In the 17th and 18th centuries (Baroque and early Classical), tempo giusto referred to the idea that each meter has its own 'ideal' tempo; this was also referred to as tempo ordinario (ordinary time). The larger the beat value of the meter, the slower the tempo. Therefore, meters with beat values of a minim/half note (e.g. 2/2, 3/2) should be performed with a slow tempo; those with quaver/eighth note beats (e.g. 3/8) are fast; while those with crotchet/quarter note beats (e.g. 2/4, 3/4, 4/4) are performed at a moderate or middling tempo. This convention started in Italy in the 1600s (seicento), and continued in Germany in the 1700s, as theorized by Friedrich Wilhelm Marpurg (1755) and Johann Kirnberger (1776; see sequel):

Regarding meter types, those having larger beats [values], like allabreve, 3/2, and 6/4 meter, have a heavier and slower movement [tempo] than those with smaller beats [values] like 2/4, 3/4, and 6/8 meter, and these in turn are less lively than 3/8 or 6/16 meter.

Conventions existed for what the "correct" tempo for a particular style was, notably detailed for French dances in Michel L'Affilard (1691–1717).

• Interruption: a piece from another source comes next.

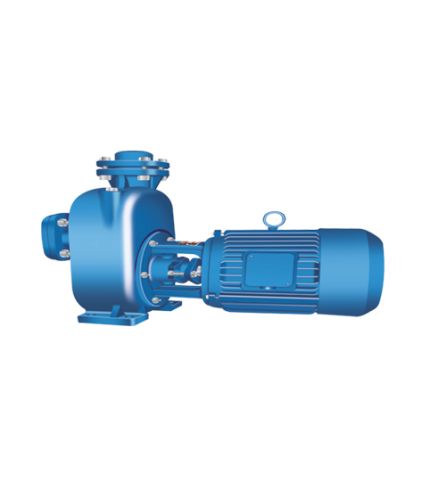 Centrifugal Sewage Pumps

The composer and music theorist Johann Kirnberger (1776) formalized and refined this idea by instructing the performer to consider the following details in combination when determining the best performance tempo of a piece: the tempo giusto of the meter, the tempo term (Allegro, Adagio, etc., if there is one, at the start of the piece), the particular rhythms in the piece (taking account of the longest and shortest notes), the 'character' of the piece, and the piece's genre (whether it was a minuet, sarabande, gigue, etc.). In this way, an experienced musician could rely on his/her (informed) intuition to find the 'right' tempo. Occasionally, a composer will mark a piece tempo giusto to request the performer to use his/her experience in this way: that is, to intuit the correct tempo from the structure and nature of the piece itself.

From the mid-18th century, the notion of each meter having an 'ideal tempo' fell out of fashion, as composers started preferring to indicate tempo with tempo terms and (later, in the nineteenth century) with metronome markings.

The artistic director of the Madison Symphony Orchestra, Maestro John DeMain, has said, “[n]ow that I think about it, the idea of tempo giusto describes just about everything I do or aspire to."